**Records supplied**
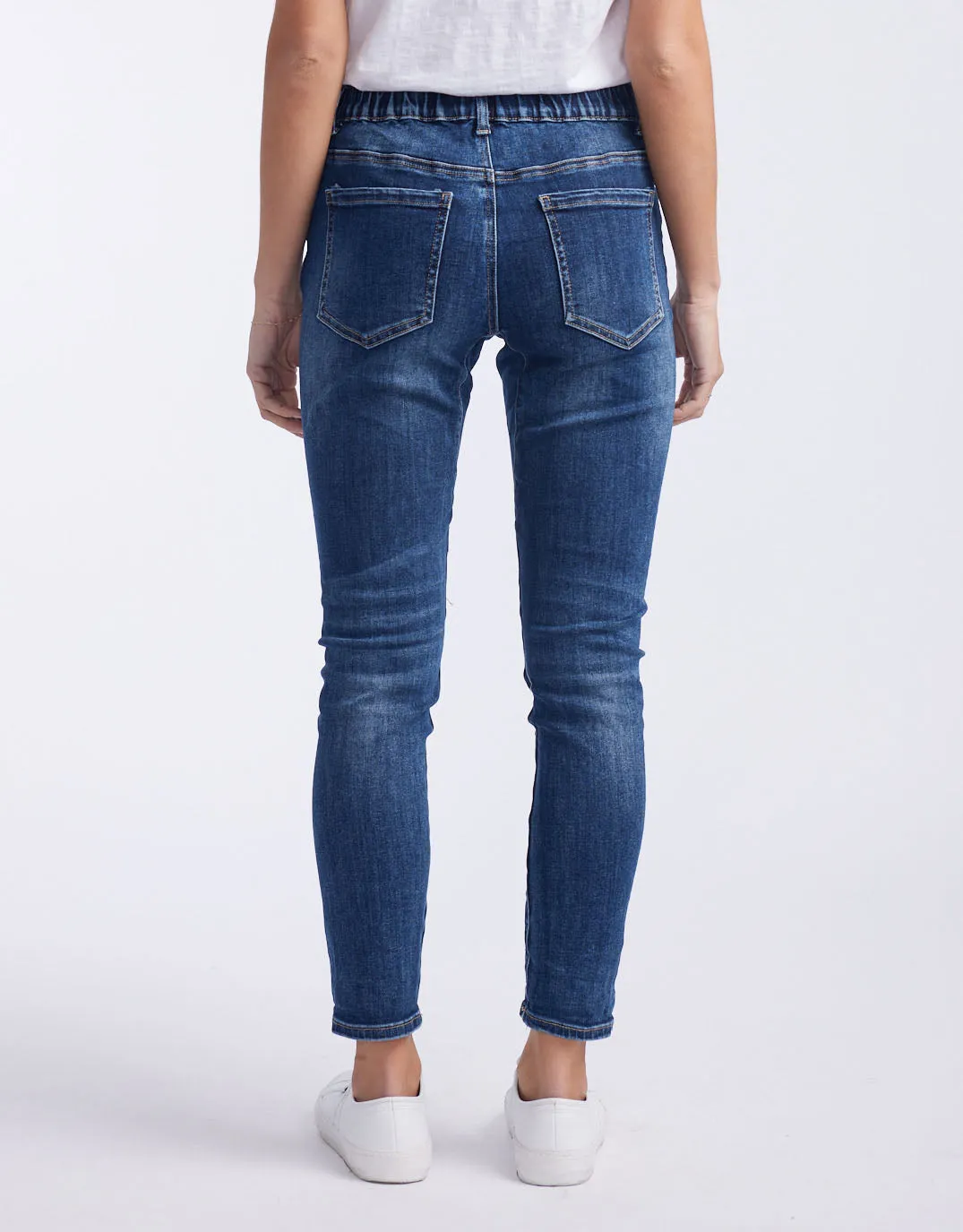 Emma Stretch Jean - Dark Denim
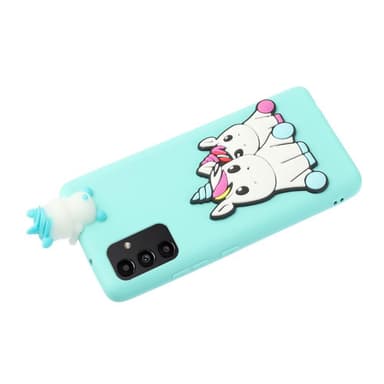 SKALO Samsung A34 5G 3D Cartoon Cover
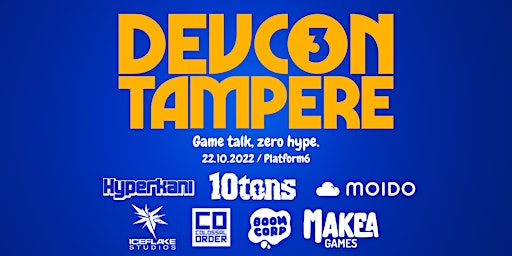 DevCon 3 Tampere 2022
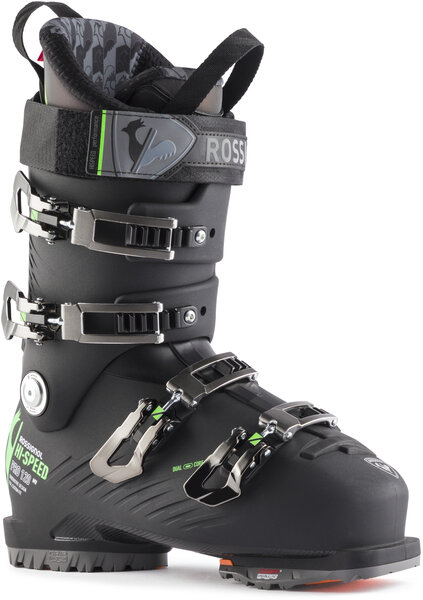 Rossignol Men's On Piste Ski Boots Hi-Speed Pro 120 MV GW Color: Black/Green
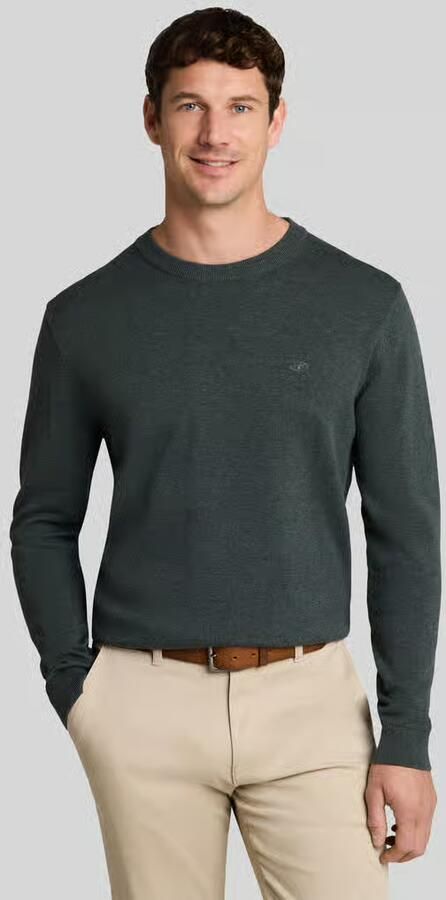 Tom Tailor regular fit pullover van puur katoen - Foto 3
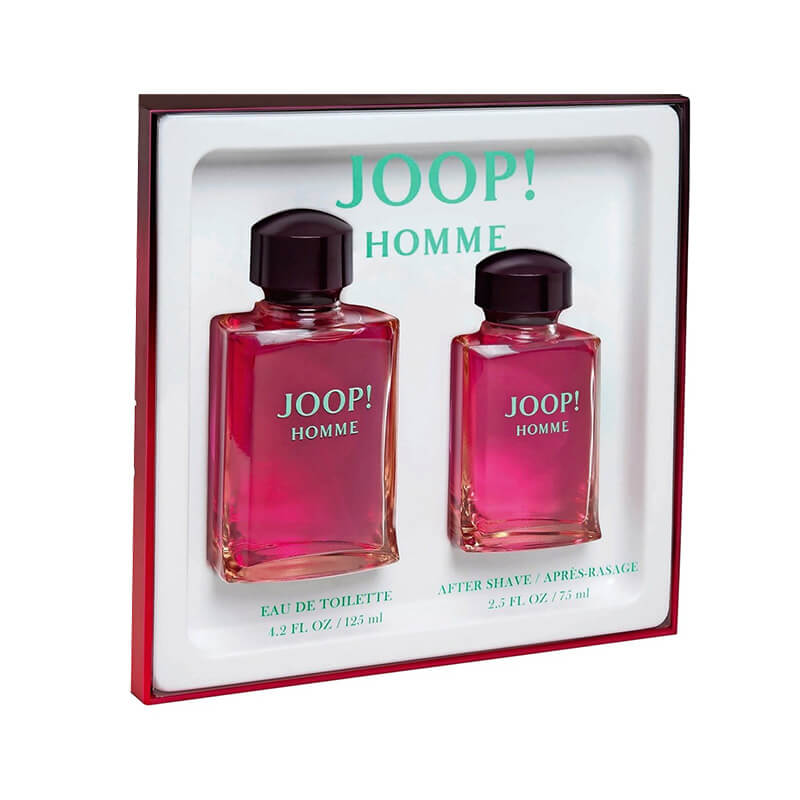 Joop! Homme 2pc Set 125ml EDT + 75ml After SHAVE (M)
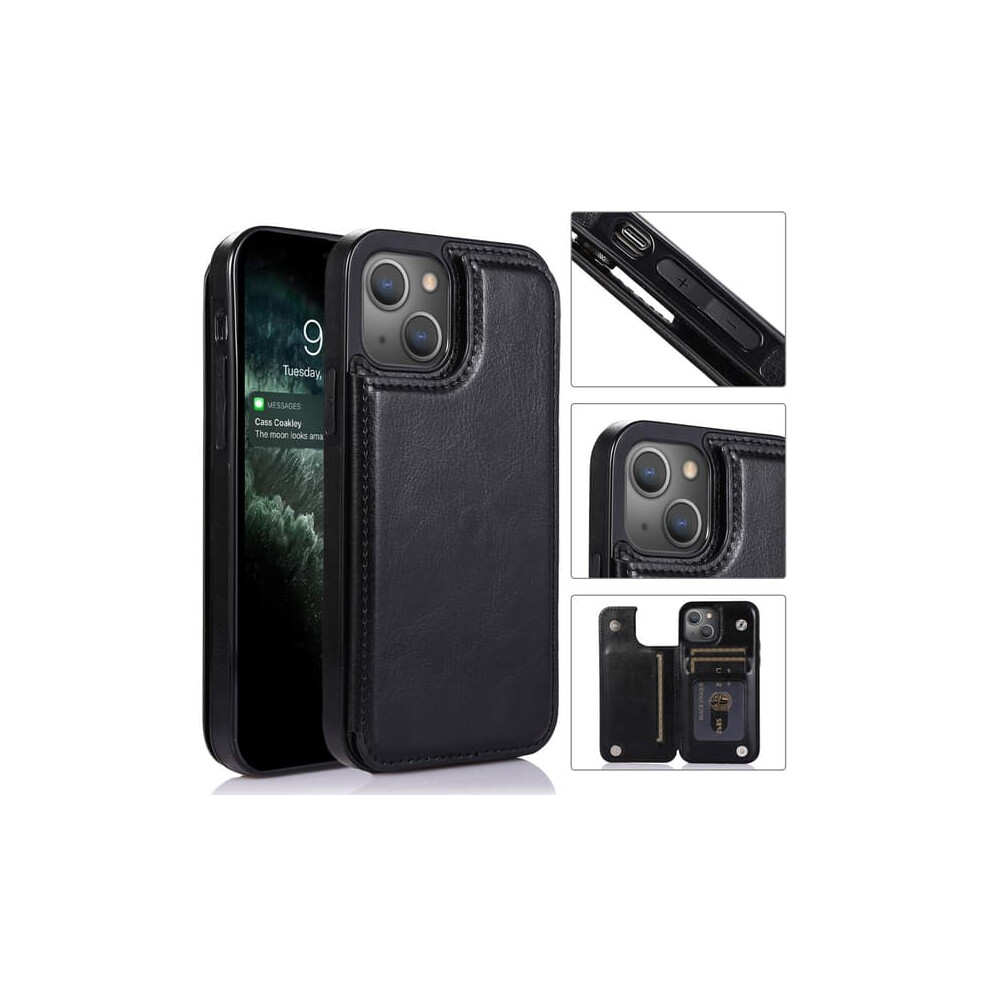 Iphone 13 Pro Max Wallet Case Black 940684239672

**Exercise brief**
Nothing but the lines from the one that contains "SKALO Samsung A34 5G 3D Cartoon Cover" through the end of the material above is to be reproduced, exactly and without pictures.

**Answer section**
 SKALO Samsung A34 5G 3D Cartoon Cover
 DevCon 3 Tampere 2022
 Rossignol Men's On Piste Ski Boots Hi-Speed Pro 120 MV GW Color: Black/Green
 Tom Tailor regular fit pullover van puur katoen - Foto 3
 Joop! Homme 2pc Set 125ml EDT + 75ml After SHAVE (M)
 Iphone 13 Pro Max Wallet Case Black 940684239672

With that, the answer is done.